Der verflixte Alkohol - eine Abschiedsrede aus 2022

Was Alkohol ist und was es bedeutet Alkoholiker zu sein, habe ich schon als Kind erfahren. Mein Vater war nämlich dem Alkohol verfallen. Ich sage „war“, nicht weil er gestorben ist, sondern weil er inzwischen viele Jahre trocken ist. Dass ich selbst ein Problem mit Alkohol habe, Alkoholiker bin, habe ich auch bereits vor einigen Jahren erkannt. Jedoch habe ich erst ca. im Juni 2021 beschlossen, etwas dagegen zu tun.

Geholfen hat mir dabei ein guter Freund, der selbst inzwischen 4 Jahre trocken ist. Dieser hat genau das Richtige getan: Er hat mich zu nichts gedrängt, sondern den Moment abgewartet, in dem ich selbst äußerte, dass ich etwas gegen meine Sucht tun möchte. Darauf hin sagte er so etwas wie: „Das ist gar kein Problem! Hol Dir erstmal eine Einweisung vom Hausarzt für eine Entgiftung. Von da an geht alles von selbst.“

So war es dann auch. Als ich meine qualifizierte Entgiftung antrat, bot mir die Klinik eine Langzeittherapie im Hansenbarg an. Als ich im November 2021 hier ankam wusste ich nicht, was mich erwarten würde. Ich war für alles offen, was kommen mochte. Jetzt bin ich seit 19 Wochen hier. In der Zeit habe ich viele schöne, traurige, lustige, wichtige Gespräche mit meinem Bezugstherapeuten Herrn W. und meiner Gruppe I geführt. Dafür bin allen sehr dankbar.

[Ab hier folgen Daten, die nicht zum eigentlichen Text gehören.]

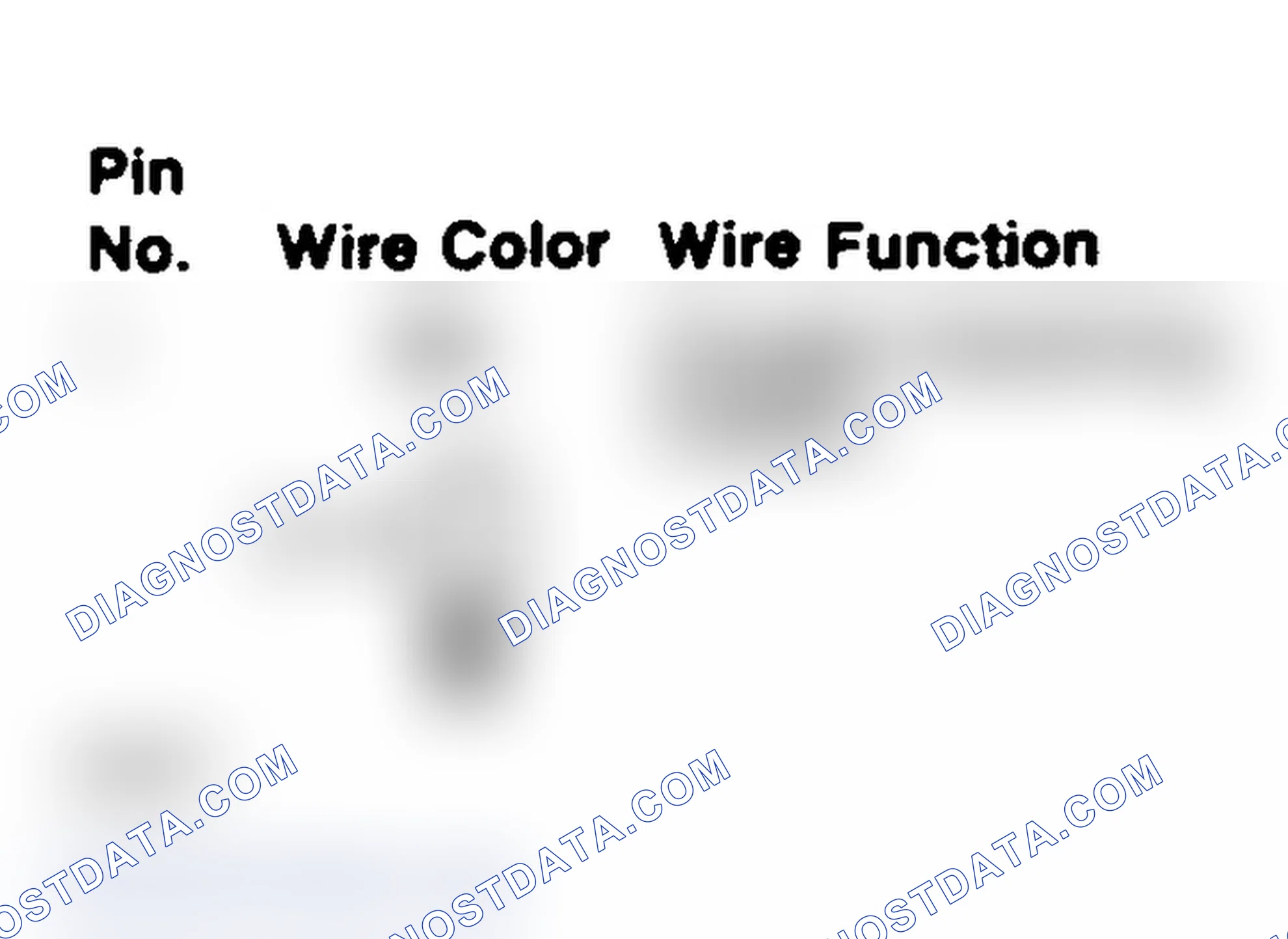 Scheme 116: Oxygen Sensor Connector Terminals (Non-Turbo)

Denn während dieser Gespräche bin ich dem Grund warum ich trinke sehr viel nähergekommen, als ich erwartet hätte. Ich war hier Gruppen-Sprecher und Medienwart. Mich hin zu stellen, vor allen frei zu reden oder für andere da zu sein, dass kann ich gut. Was ich nicht gut kann, ist für mich da zu sein, gut zu mir sein. Der Grund warum, mein Leben so aussieht wie bisher ist, dass ich sehr wenig Selbstwert habe. Als ich dieses erkannt hatte begann ich mich zurück zu ziehen. Ich hatte hier Zeit ganz klein anzufangen, gute Dinge für mich zu tun. Das fiel mir am Anfang besonders, jetzt auch immer noch schwer.

Schon in der sogenannten Krabbelgruppe wurde uns gesagt, dass wir hier sozusagen einen Rucksack bekommen, den wir mit Werkzeugen füllen können. Tools, mit denen wir es besser schaffen, in der Realität nüchtern zu bleiben. Ich wusste lange nicht was damit gemeint ist. Jetzt habe ich diesen Rucksack auf meinem Rücken, mit vielen verschiedenen Hilfsmitteln. Man muss ihn nur geöffnet halten, dann kommen von allen Seiten, vom gesamten Team im Hansenbarg, Werkzeuge dazu.

Ich danke also auch dem gesamten Team. Natürlich Herrn Dr. Stracke, Frau v.T., der Hauswirtschaft und den Arbeitstherapeuten Herrn K. und Frau P., die alle ihre Tools dazugetan haben.

Mein Weg beginnt erst und er wird noch lang, jedoch fühle ich mich nun gut ausgerüstet. Hiermit möchte ich mich von allen verabschieden, ich hoffe wir sehen uns noch einmal wieder, aber nicht hier.